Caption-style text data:
————

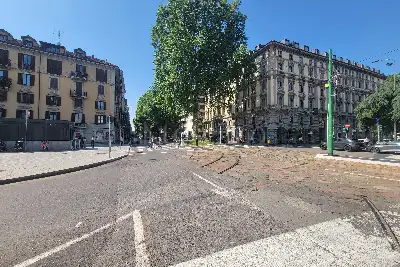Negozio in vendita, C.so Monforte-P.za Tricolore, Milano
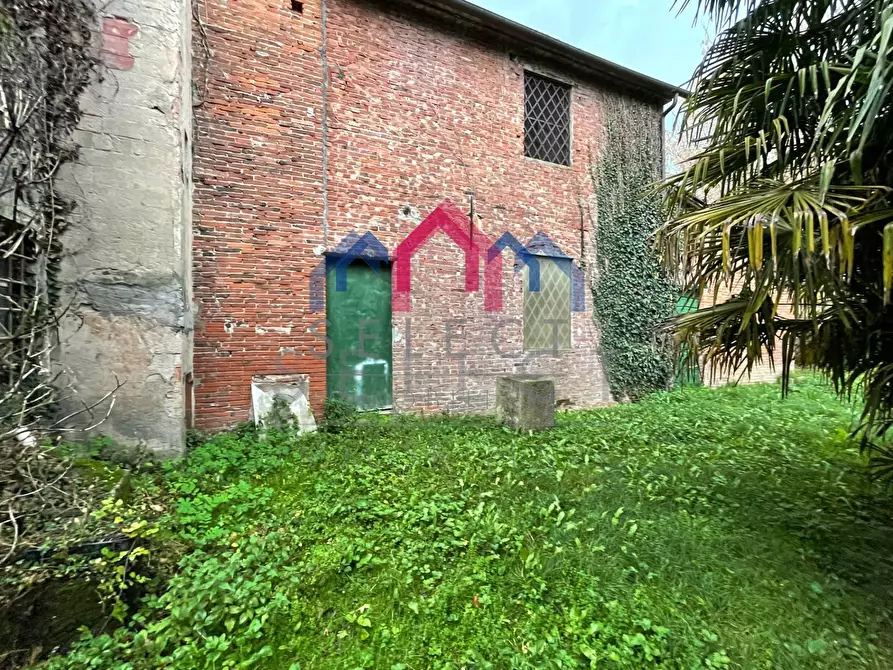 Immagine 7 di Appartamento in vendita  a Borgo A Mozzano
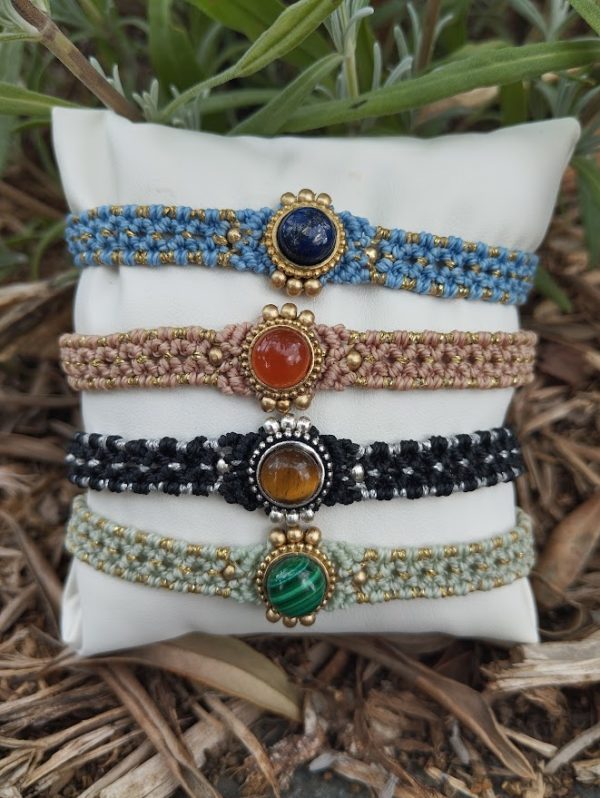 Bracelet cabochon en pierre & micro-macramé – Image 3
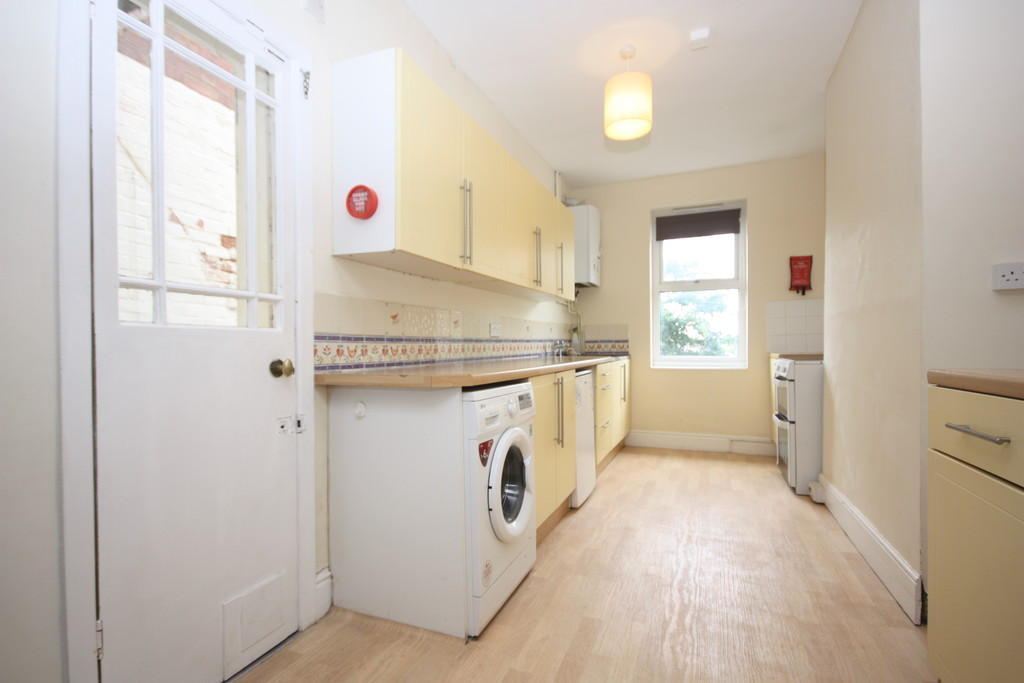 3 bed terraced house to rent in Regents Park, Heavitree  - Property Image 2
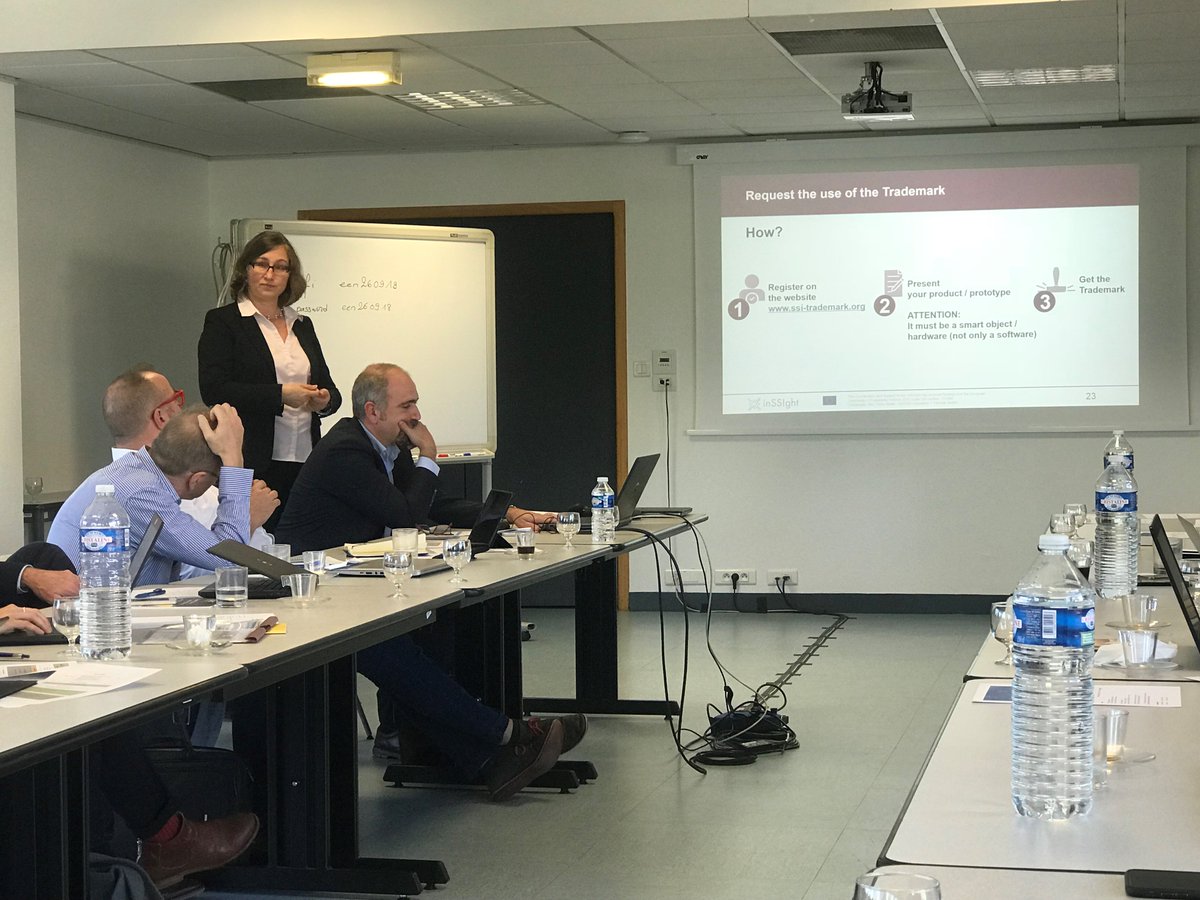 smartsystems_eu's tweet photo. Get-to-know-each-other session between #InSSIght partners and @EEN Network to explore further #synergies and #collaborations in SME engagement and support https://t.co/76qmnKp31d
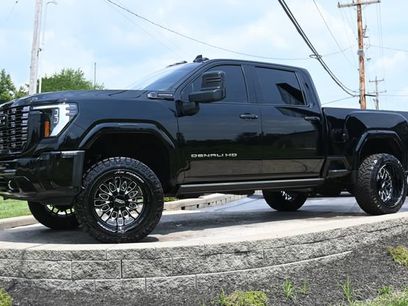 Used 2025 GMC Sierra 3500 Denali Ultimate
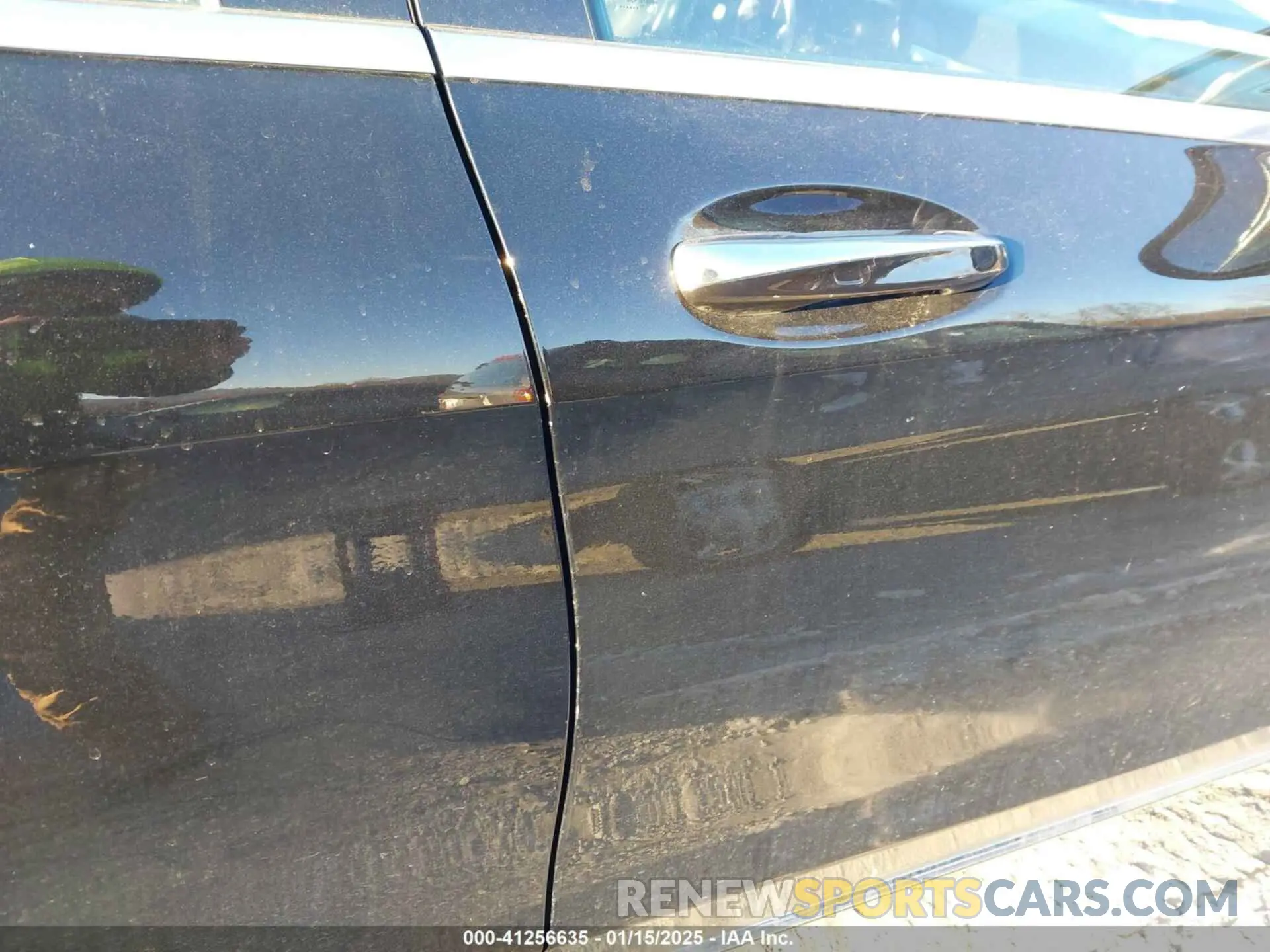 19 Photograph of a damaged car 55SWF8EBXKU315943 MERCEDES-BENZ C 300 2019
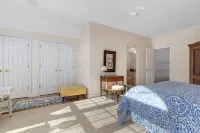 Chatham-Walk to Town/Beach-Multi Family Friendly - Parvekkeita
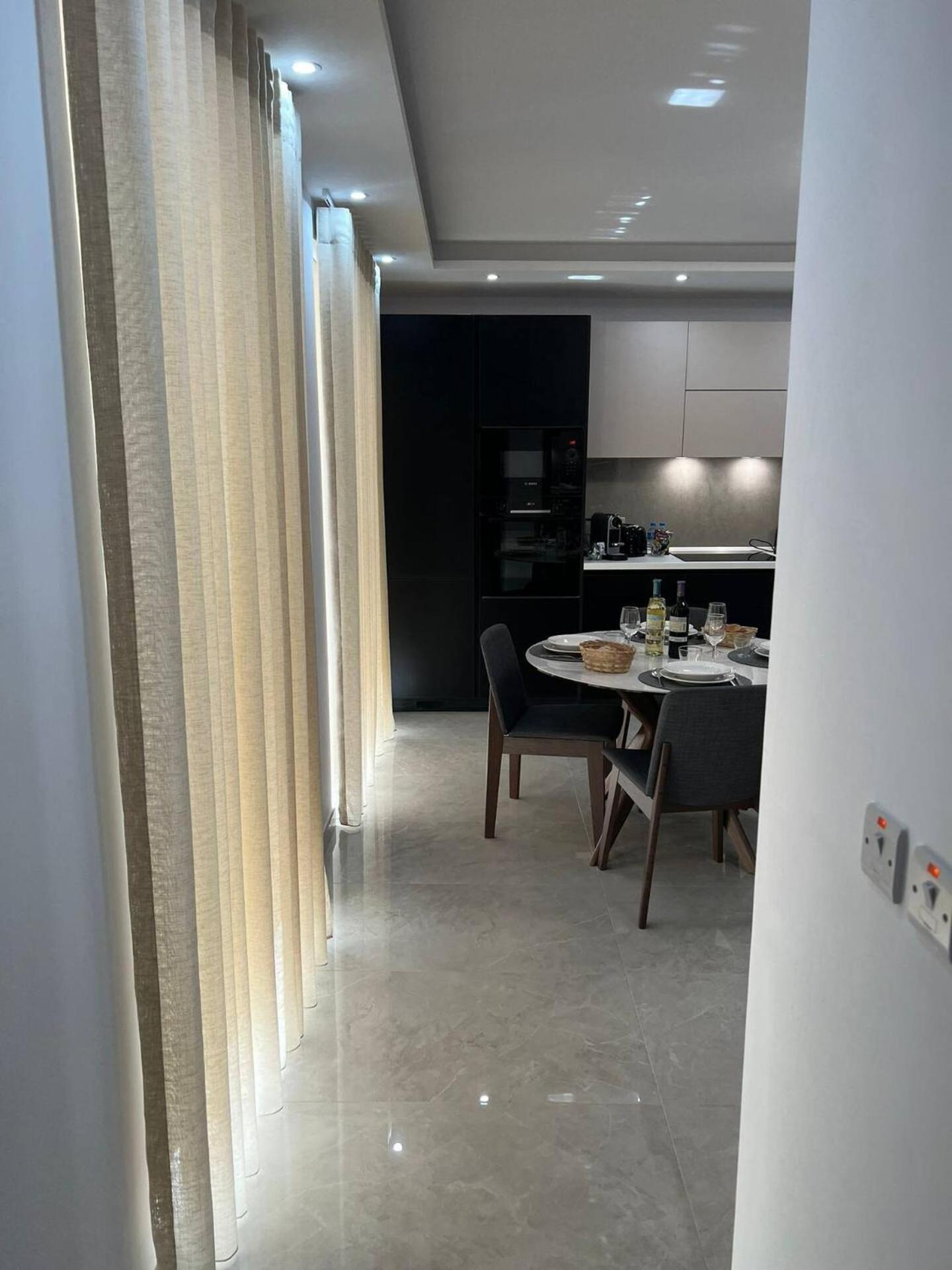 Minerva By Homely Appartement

————

▶ **TRY IT**
Retype, word for word, the lines from the one with "Immagine 7 di" through the last line of the entries above, and only those lines. Leave pictures out.

▶ **FINAL ANSWER**
 Immagine 7 di Appartamento in vendita  a Borgo A Mozzano
 Bracelet cabochon en pierre & micro-macramé – Image 3
 3 bed terraced house to rent in Regents Park, Heavitree  - Property Image 2
 smartsystems_eu's tweet photo. Get-to-know-each-other session between #InSSIght partners and @EEN Network to explore further #synergies and #collaborations in SME engagement and support https://t.co/76qmnKp31d
 Used 2025 GMC Sierra 3500 Denali Ultimate
 19 Photograph of a damaged car 55SWF8EBXKU315943 MERCEDES-BENZ C 300 2019
 Chatham-Walk to Town/Beach-Multi Family Friendly - Parvekkeita
 Minerva By Homely Appartement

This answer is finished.